Мои страхи начали уходить в пятнадцать. Я почувствовал себя мужчиной, и чувство это не было связано с женщинами. Я знал — мужчиной становишься, поняв пропасть несходства, но чувство осталось бы, даже если исчезли б все женщины на свете. Не в том было дело.

 

Стоял удивительный сентябрь, дед, которому я все лето включал кислородный аппарат, умер в мое отсутствие — я в это время сидел в ненавистной городской школе. Мы с отцом приехали в горы. Первое, что я увидел, — невероятную осень. Потом увидел конец детства, потом — нежность, какую? — не знаю до сих пор. Потом — еще много всего, что сделало из меня человека, который начал терять страх. А плакал я навзрыд.

 

4

 

Страх уходил постепенно. Иногда большими порциями, иногда — почти гомеопатическими.

5

 

Страх убавлялся, когда приходило понимание. А приходило оно либо от самых жестоких вещей — боли, холода, унижения, страха, смертей, — либо от самых невинных историй.

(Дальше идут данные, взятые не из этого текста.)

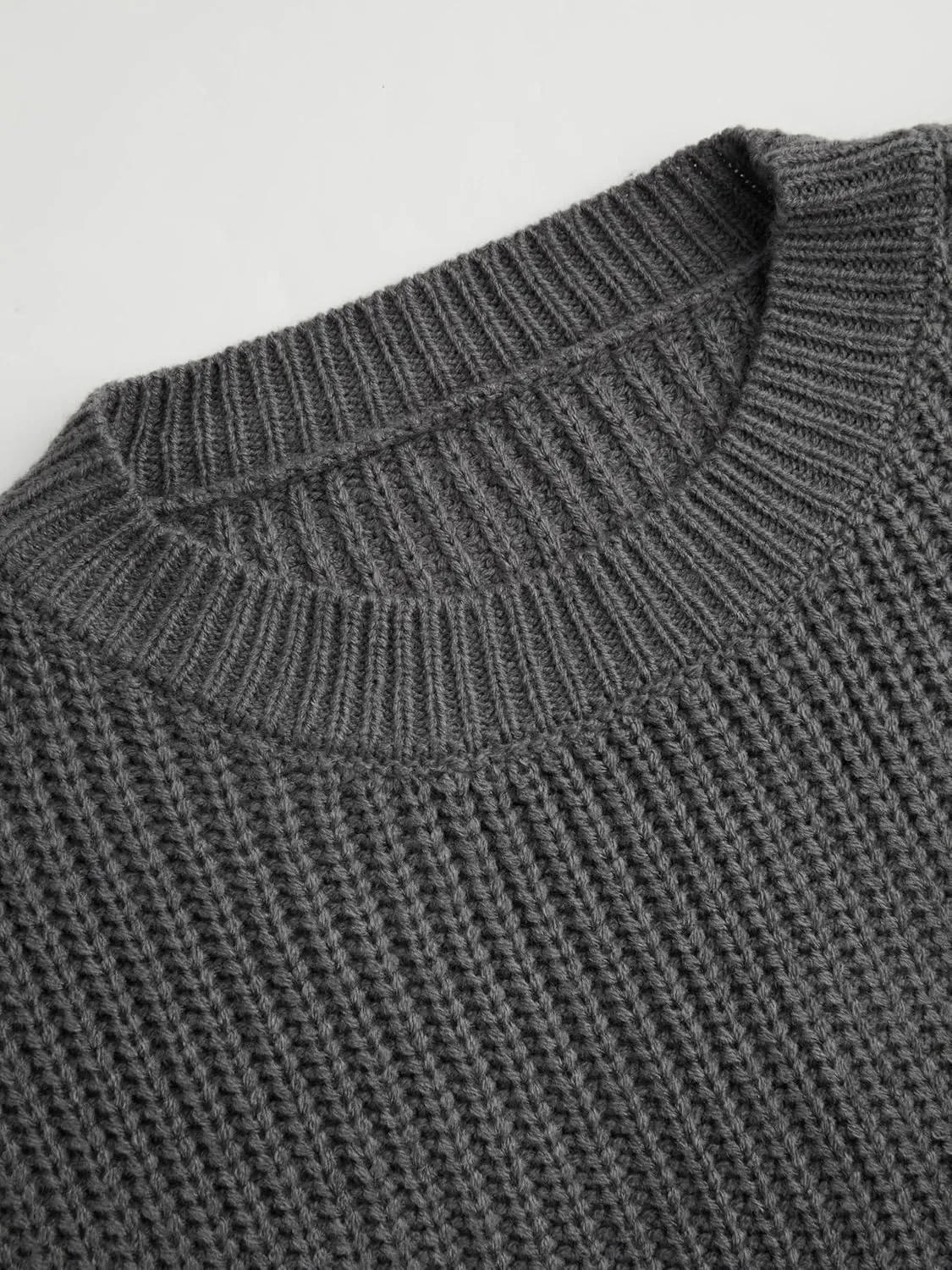 CIDER Womens Cropped Striped Sweater Long Sleeve Crew Neck Trendy Pullover Tops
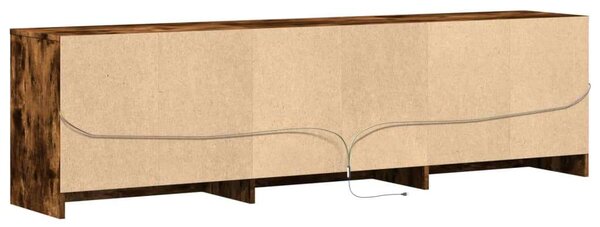 VidaXL Fa LED TV Szekrény - Füstös Tölgy - 180cm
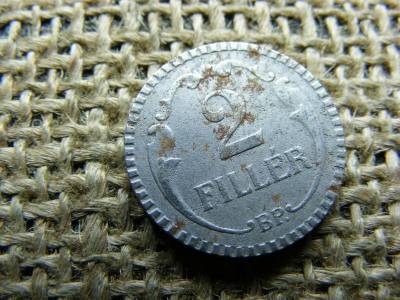 2 fillér 1940, rovátkolt vas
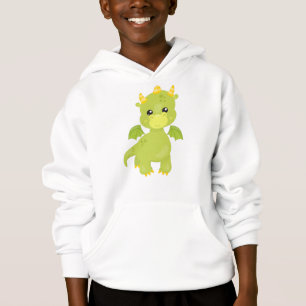 Niedlicher Drache, Kleiner Drache, Grüner Drache,  Hoodie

Например, тех, что случаются в жизни растений или бабочек.

 

6

 

Я любил и люблю все, что связано с моим родом, — документы, письма, записки, одежду и утварь, легенды, легендарные фразы, фотографии. Одно время я настолько во все это погрузился, что казалось — мою память сформировало начало столетия. Однажды к деду пришли приятели. Они хлопнули по стопке и перестали ориентироваться во времени. Старики хотели, чтобы я помог им вспомнить итальянский фронт. И топография Альп всплыла в моей памяти так, будто я смотрел на них из окопа.

 

7

 

Но по-настоящему род дал о себе знать, когда я сам был почти что на войне. Неприятельский офицер настойчиво предлагал мне прекрасную карьеру в обмен на сотрудничество. Так оно бы и вышло, уж я-то себя знаю. Мне пришлось сказать ему, сколько вытерпели все мои от его армии, его организации, наверное, даже от одного только их вида и запаха. Возможно, офицер заметил в моей тени с десяток различных очертаний. Больше он никогда ничего мне не предлагал. А я почувствовал, что уже не останусь один. И вдруг понял, что культура — это знание о тех людях, что записаны в твой генетический код, движения которых ты время от времени воспроизводишь. И что призрачная эта культура не даст пропасть, так же как и инстинкт.

 

8

 

Примерно тогда мне и приснился впервые сон о городке Яблонкове.

 

9

 

Когда умер дед, то бояться перестал не один я. Отец тоже избавился от страха — причину которого я и понимаю, и не могу понять до сих пор — и рассказал правду. Оказалось, что дед не был мне родным, — он не был отцом моего отца. Я полюбил его еще сильнее. Он был реальностью. А родной дед казался всего лишь преданием. Понадобилось время, чтобы привить к себе это предание, отыскать внутри скрытые до поры фрагменты генетического кода, в которых родной дед был записан до мельчайших черт.

 

10

 

И тогда мне впервые приснился Яблонков.

 

Я сидел за столиком кафе на его центральной площади. Над столиком — зонт. Я пил кофе. Посреди площади — типичная ратуша с циферблатом. Да и сама площадь похожа на площади всех европейских городов: квадрат рынка огражден трехэтажными каменными домами шириной в три окна, с каждого угла берут начало две улицы. Крыши из красной черепицы. На площади несколько кафе, баров, мастерских, пивных, магазинов. Над каждой дверью — яркая вывеска. Возле одного из кафе — деревянная бочка с красным вином, вокруг кучка мужчин в шляпах. У ратуши — деревья: липа, черешня, магнолия.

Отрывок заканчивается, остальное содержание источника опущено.